232.The Man, the Boy, and the Donkey

A MAN and his son were once going with their Donkey to market. As they were walking along by its side a countryman passed them and said: “You fools, what is a Donkey for but to ride upon?”   

  So the Man put the Boy on the Donkey and they went on their way. But soon they passed a group of men, one of whom said: “See that lazy youngster, he lets his father walk while he rides.”   

  So the Man ordered his Boy to get off, and got on himself. But they hadn’t gone far when they passed two women, one of whom said to the other: “Shame on that lazy lout to let his poor little son trudge along.”    

  Well, the Man didn’t know what to do, but at last he took his Boy up before him on the Donkey. By this time they had come to the town, and the passers-by began to jeer and point at them. The Man stopped and asked what they were scoffing at. The men said: “Aren’t you ashamed of yourself for overloading that poor Donkey of yours—you and your hulking son?” 

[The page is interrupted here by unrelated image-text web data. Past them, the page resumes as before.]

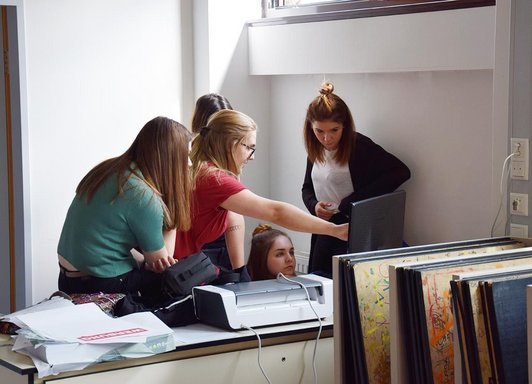 Foto von fünf Schülerinnen vor einem Bildschirm und Drucker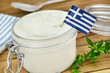 Greek yogurt and flag on wooden table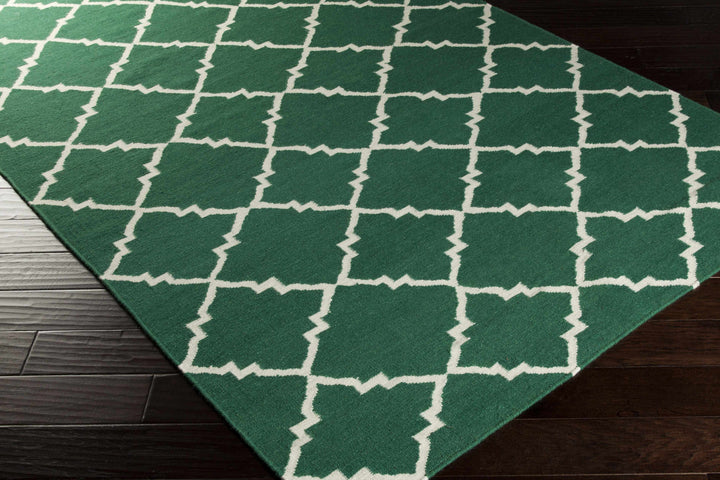 Hand-woven green area rug corner with white quatrefoil lattice geometric pattern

  The Man and Boy got off and tried to think what to do. They thought and they thought, till at last they cut down a pole, tied the Donkey’s feet to it, and raised the pole and the Donkey to their shoulders. They went along amid the laughter of all who met them till they came to Market Bridge, when the Donkey, getting one of his feet loose, kicked out and caused the Boy to drop his end of the pole. In the struggle the Donkey fell over the bridge, and his fore-feet being tied together he was drowned. 

  “That will teach you,” said an old man who had followed them:

“PLEASE ALL, AND YOU WILL PLEASE NONE.”       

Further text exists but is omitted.